Black farmers already play a key role when it comes to sustainability and environmental stewardship, even in their diminished numbers, yet need to be very mindful when it comes to equity around the expansion of agricultural use in the renewables industry, she added.
Black and brown communities often care more about environmental issues than is perceived, according to polls, said Dr. Mustafa Santiago Ali, vice president of environmental justice, climate, and community revitalization for the National Wildlife Federation. Ali also emphasized the importance of continued advocacy around infrastructure inequities and strengthening STEM education.
Opportunities for intergenerational collaboration also played a main role in this year’s convention.
During the “Voting Rights, Redistricting and Elections” session, DNC Chairman Jaime Harrison spoke about the current voting rights struggles, and how African Americans need to get focused and remain active.
Voting is the great equalizer, and must be guarded and protected, Harrison said.
When it comes to the latest battle for voting rights, staying on the sidelines while the house is on fire waiting for the fire department to show up is not an option.
There isn’t going to be a superhero who is going to fly in and save us — we all have an active role to play, Harrison said.
“We cannot face the future without facing the past,” said Rep.
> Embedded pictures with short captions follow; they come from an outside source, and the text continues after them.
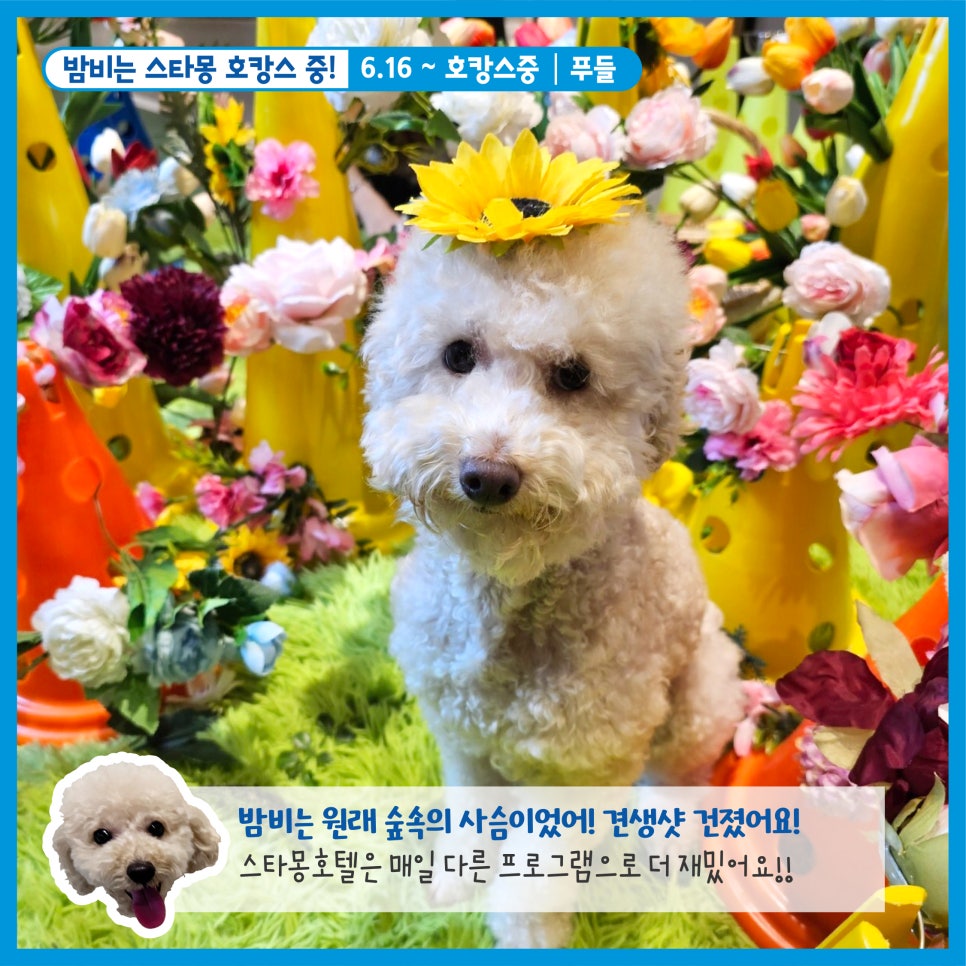 강남 애견호텔 스타몽, 우리 강아지 호캉스 후기 — 사진 6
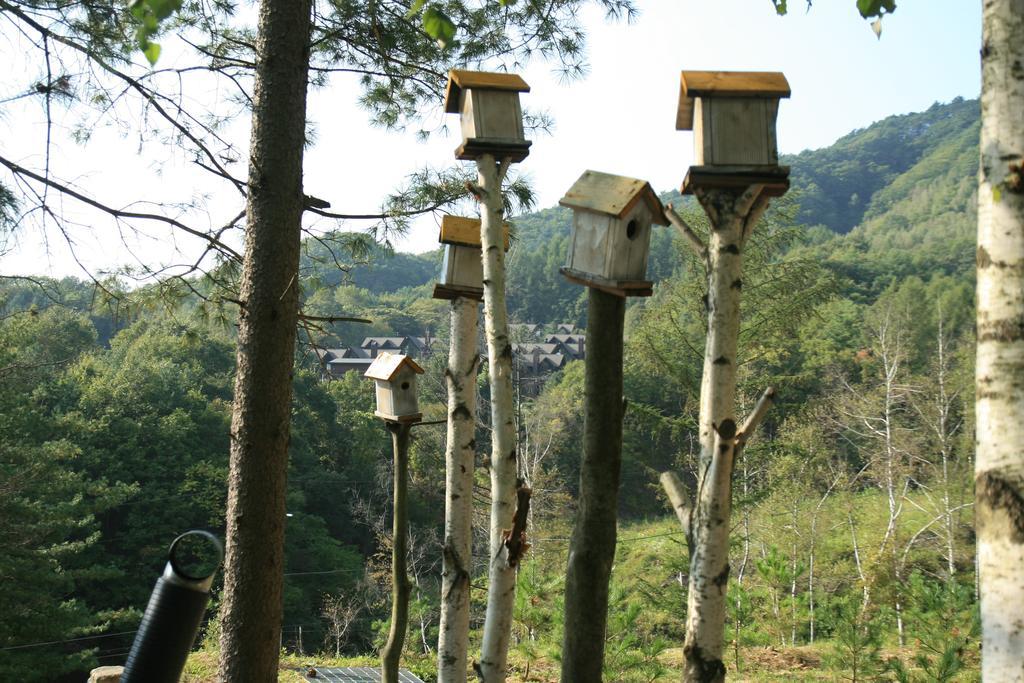 Secret Pension 平昌郡 エクステリア 写真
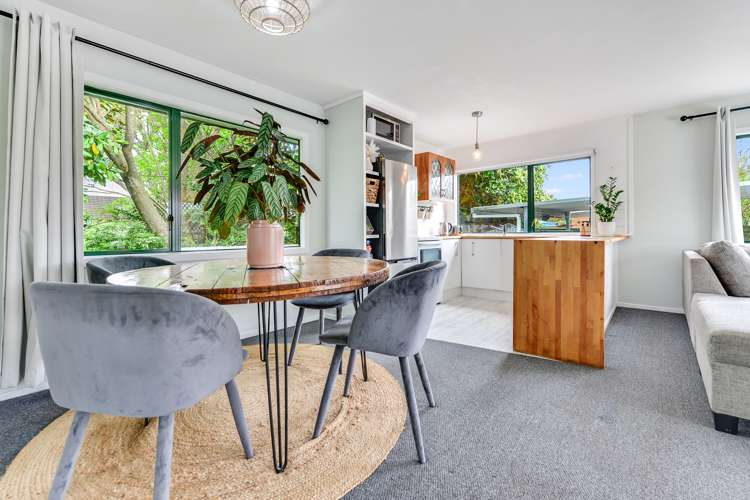 51a Blackburn Street Frankton_5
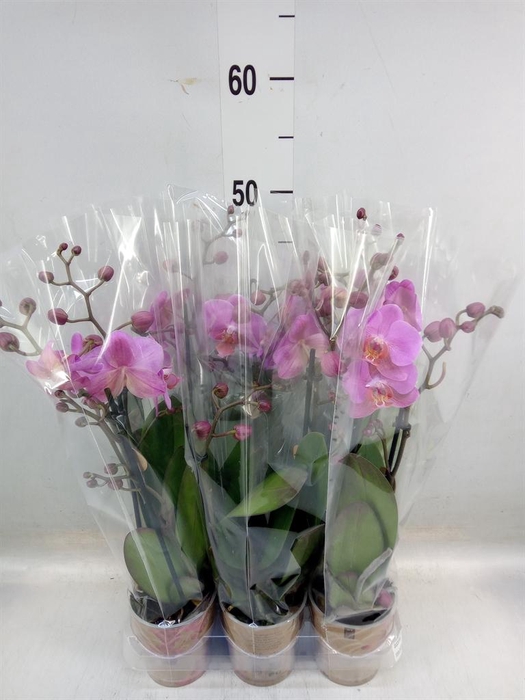 <h4>Phalaenopsis multi.   ...lilac</h4>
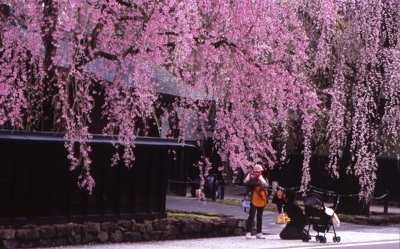 平成26年度　角館の桜まつり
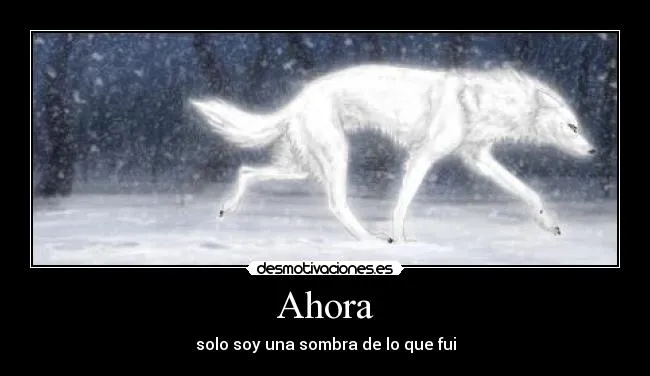 Carteles de Lobo Pag. 94 | Desmotivaciones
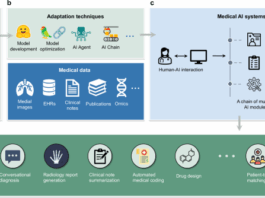A perspective for adapting generalist AI to specialized medical AI applications and their challenges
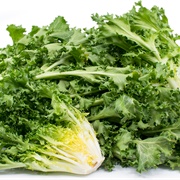 Curly Endive
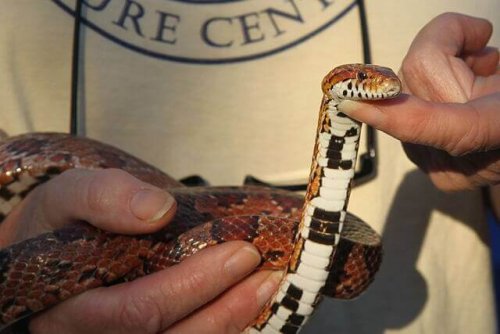 Everything You Need to Know About Basic Snake Care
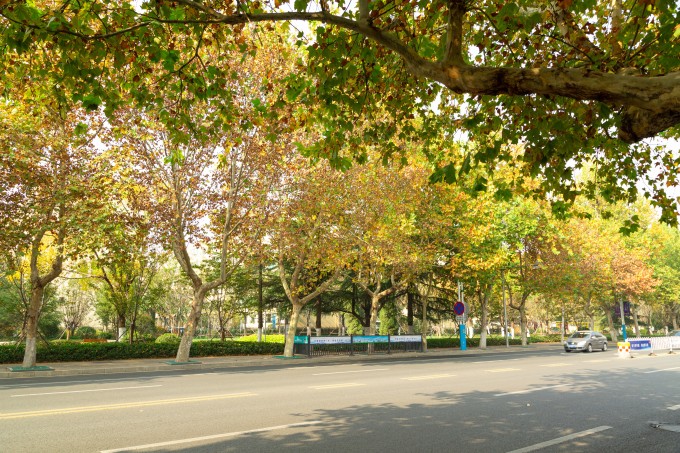 宽广的泊油路深秋树木高清图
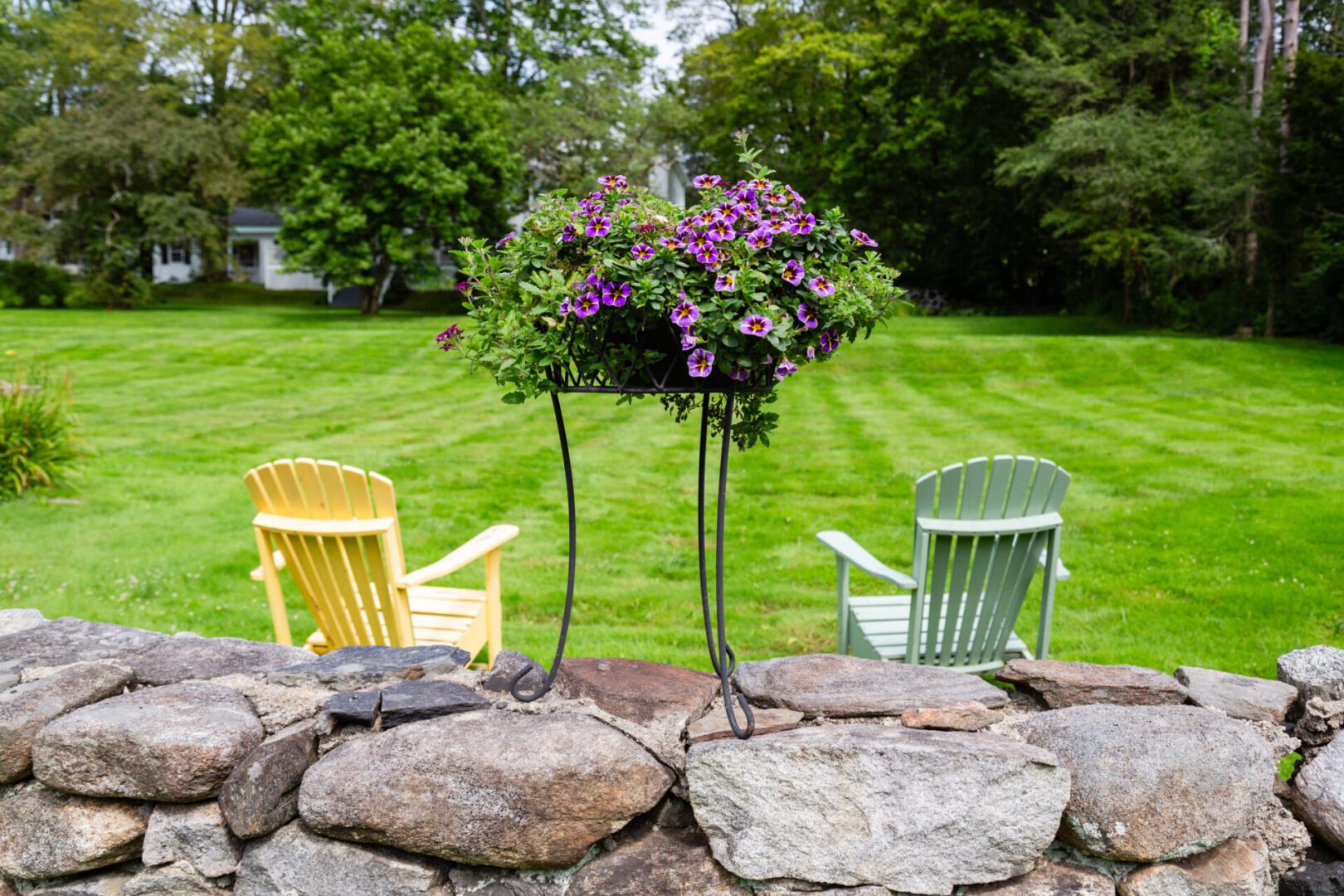 A garden with three lawn chairs and a plant.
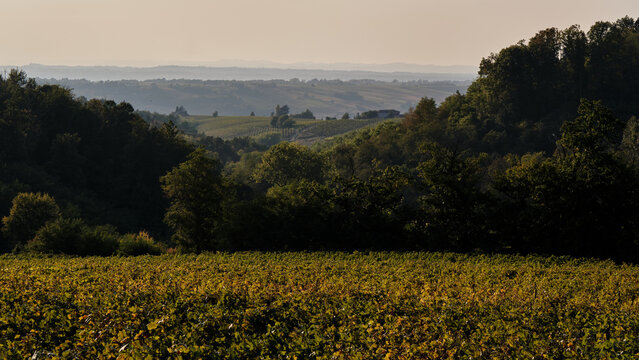 Foto scattata nei vigneti attorno le colline tassarolesi durante il periodo autunnale in provincia di Alessandria.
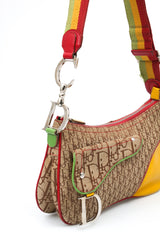 Dior Rasta Saddle Bag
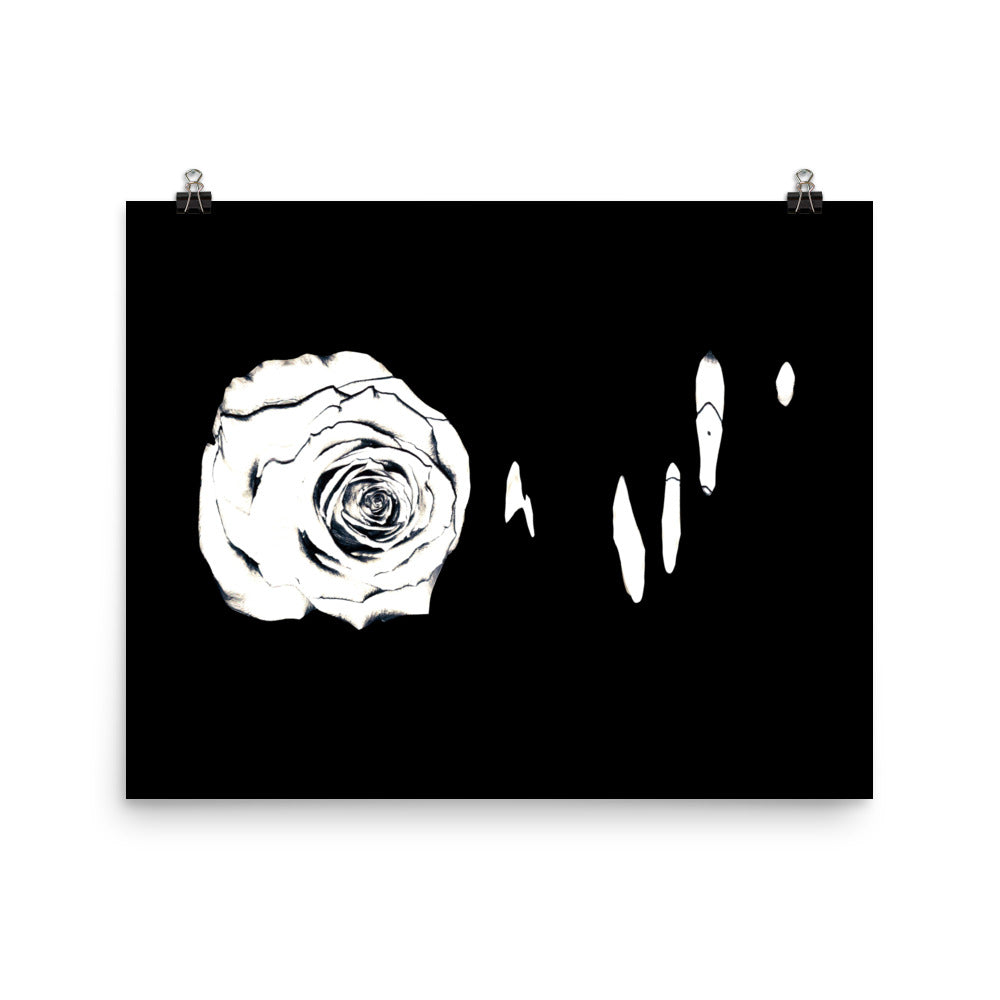 Silver Rose Collection no. 3 Scanography Matte Photo Paper Print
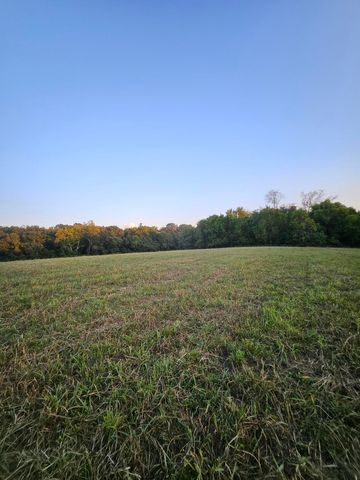 4353 Lawrence 2220, Pierce City, MO 65723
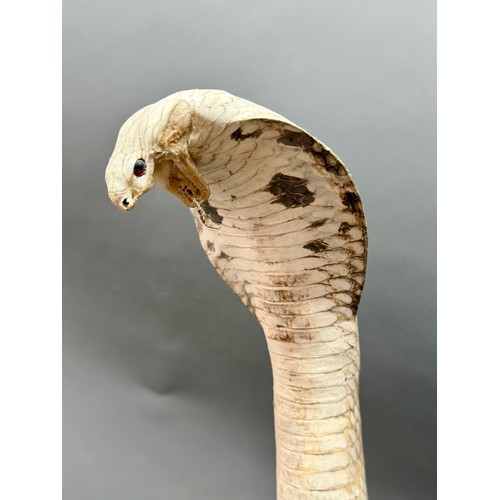 424 - Antique Taxidermy Of A Mongoose Battling A Cobra Snake. 60cm x 26cm.  A/F
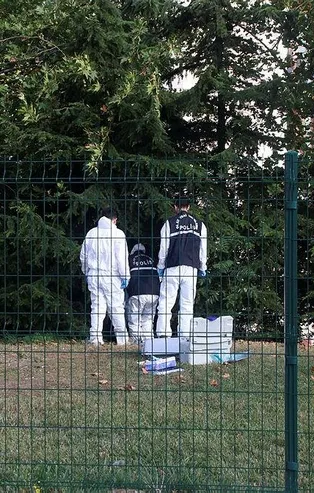 Son dakika: İstanbul'da korkunç olay! Kağıthane D-100 kenarında ağaca asılı erkek cesedi bulundu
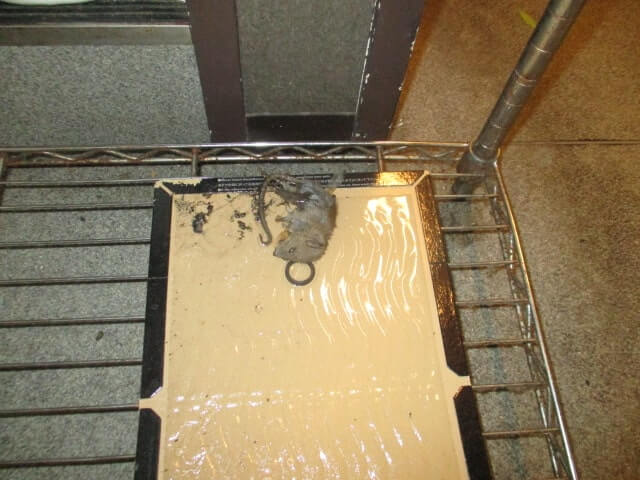 駆除マイスター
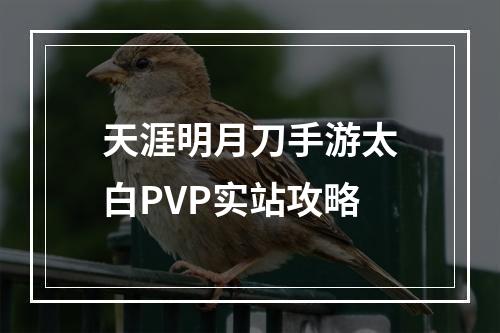 天涯明月刀手游太白PVP实站攻略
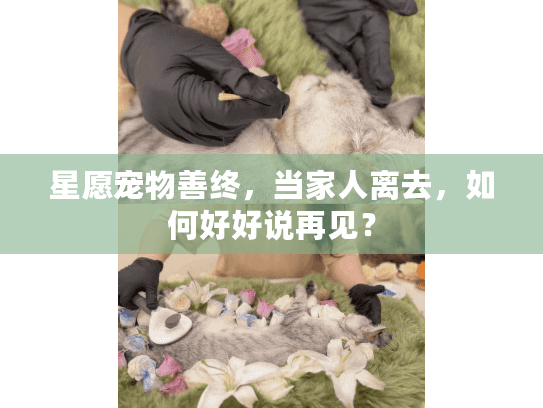 星愿宠物善终，当家人离去，如何好好说再见？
Joyce Beatty (D-Ohio), current chair of the Congressional Black Caucus, as she called on intergenerational coalitions to fight together.
It’s important to be engaged, and to fight in person as well as online, she said.
When asked about the current discussion surrounding the filibuster, Beatty said that Vice President Harris has been in talks with Senate members regarding a “carve out” provision concerning the current H.R. 4 voting rights legislation — also known as the John Lewis Voting Rights Act — to protect it from the rule, which requires 60 votes as opposed to 50 in order to pass.
Mandela Barnes, who is the first African American to serve as lieutenant governor of Wisconsin, and the second African American elected to statewide office, spoke about the many recent voter suppression actions in Wisconsin, the importance of judges, redistricting, and prison gerrymandering.
Barnes is particularly concerned about how Census 2020 reporting delays — information that directly affects how district lines are redrawn — are being exploited by the GOP throughout the country as the midterm election season approaches, he said.
A’shanti F. Gholar, president of Emerge — the only organization dedicated to recruiting and training Democratic women to run for office — and host of “The Brown Girl’s Guide to Politics” podcast, said that she was also adamant that people pay closer attention to what the process looks like at the state level. Gholar also emphasized the critical role that activists, leaders and other stakeholders play in these tumultuous times.
“We have to use our voices… there are folks who will listen to you — we must combat misinformation and apathy,” she said.
Additional sessions, training, workshops and forums focused upon education, men’s health, economic empowerment, reimagining policing and public safety, the role of Black women as leaders, labor issues and more.
Next year’s convention is scheduled to take place from July 14-20 in Atlantic City.